Attendees:  Tony, Richard, Trevor, Randy


Summary:

========



The autobuilder RCU hang is still fixed ;-),
    master branch builds greener.

ptest failures are the top problem now.



Add Michael Halstead, see questions below in section 4.



If anyone wants to help, we could use more eyes on the logs,

particularly the summary logs and understanding iostat #

when the dd test times out.





Plans for the week:



===================





   Richard: glibc upgrade, etc.



   Alex: ?



   Sakib: pub/non-release link upgrade, script clean-up.



   Trevor: make job server test. Try it on YP AB!!! What type of build?



   Tony: fix/work-around valgrind ptest bug:
      none/tests/amd64/fb_test_amd64
   Saul: nothing this week for YP.



   Randy: vacation, then email catch-up!




Meeting Notes:

==============


1, runqemu

Tony having trouble with runqemu on some Wind River machine.

Richard has a fix for a race in runqemu in master-next.

These might be related but if not Tony should debug the
issue/ collect logs.

2. job server

- Trevor has conclusive evidence that the 'make' job server is useful.
   email summary to come. Need to fix some assumptoins in code that
   parses PARALLEL_MAKE then send patch to yocto-autobuilder-helper.

- ninja will have to be done next.


3. AB status

  generally better but...

  ptests are having some recurring problems.
  - parted - only on arm?
  - valgrind - none/tests/amd64/fb_test_amd64
  - gdb test failing again. - Randy!

4. Richard reported
    - something really flaky going on with serial ports.
    - particularly bad on qemuppc but also x86.
    - related to Saul's QMP data dump?

5. Sakib needs to send patch to make testimage failures
    generate summary logs.

6. Richard says that we may need to redesign the data collection system
    that Sakib's AB INT tests are based on.





Still relevant parts of
Previous Meeting Notes:
=======================

1. The qemu RCU hang has been fixed to not deadlock anymore!

It still  hangs at times but this dramatically reduces the
AB failures.



4. bitbake server timeout.

    "Timeout while waiting for a reply from the bitbake server (60s)"

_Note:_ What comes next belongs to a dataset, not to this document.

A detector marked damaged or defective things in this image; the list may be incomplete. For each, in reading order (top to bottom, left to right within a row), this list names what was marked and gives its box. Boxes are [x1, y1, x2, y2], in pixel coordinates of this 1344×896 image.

    Randy mentioned that the bitbake server timeouts seen in the
    Wind River build cluster have gone away after upgrading to
    a newer version of docker.

    Old: Docker Version: Docker version 18.09.4, build d14af54266
    New: Docker Version: Docker version 20.10.7, build f0df350


    Clearly the YP ABs aren't running in docker but what
    about firmware and kernel tunings.

    Michael,

    Is the BIOS/firmware kept up to date on most nodes?

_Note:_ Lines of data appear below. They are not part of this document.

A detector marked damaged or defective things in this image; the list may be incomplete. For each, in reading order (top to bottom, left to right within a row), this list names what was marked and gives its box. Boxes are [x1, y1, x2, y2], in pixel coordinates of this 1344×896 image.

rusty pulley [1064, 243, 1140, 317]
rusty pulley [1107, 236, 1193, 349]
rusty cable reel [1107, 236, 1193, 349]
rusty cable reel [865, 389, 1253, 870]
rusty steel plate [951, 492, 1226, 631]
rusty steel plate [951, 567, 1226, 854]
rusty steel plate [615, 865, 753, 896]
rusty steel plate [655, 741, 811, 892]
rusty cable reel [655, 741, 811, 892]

    It seems that we are running stock kernels which makes sense but
    given that we don't have concerns about privacy since system access
    is controlled and the nodes are being used to test open
    source software, we might consider optimizing for performance
    rather than security.

    Alex pointed at: https://make-linux-fast-again.com/
    Which just lists a set of kernel boot options:
       noibrs noibpb nopti nospectre_v2 nospectre_v1  \
       l1tf=off nospec_store_bypass_disable no_stf_barrier \
       mds=off tsx=on tsx_async_abort=off mitigations=off

    Can we enable some or all of these on a node to see what the
    performance difference is?


5. io stalls

    Richard said that it would make sense to write an ftrace utility
    / script to monitor io latency and we could install it with sudo
    Ch^W mentioned ftrace on IRC.
    Sakib and Randy will work on that but not for a week or two.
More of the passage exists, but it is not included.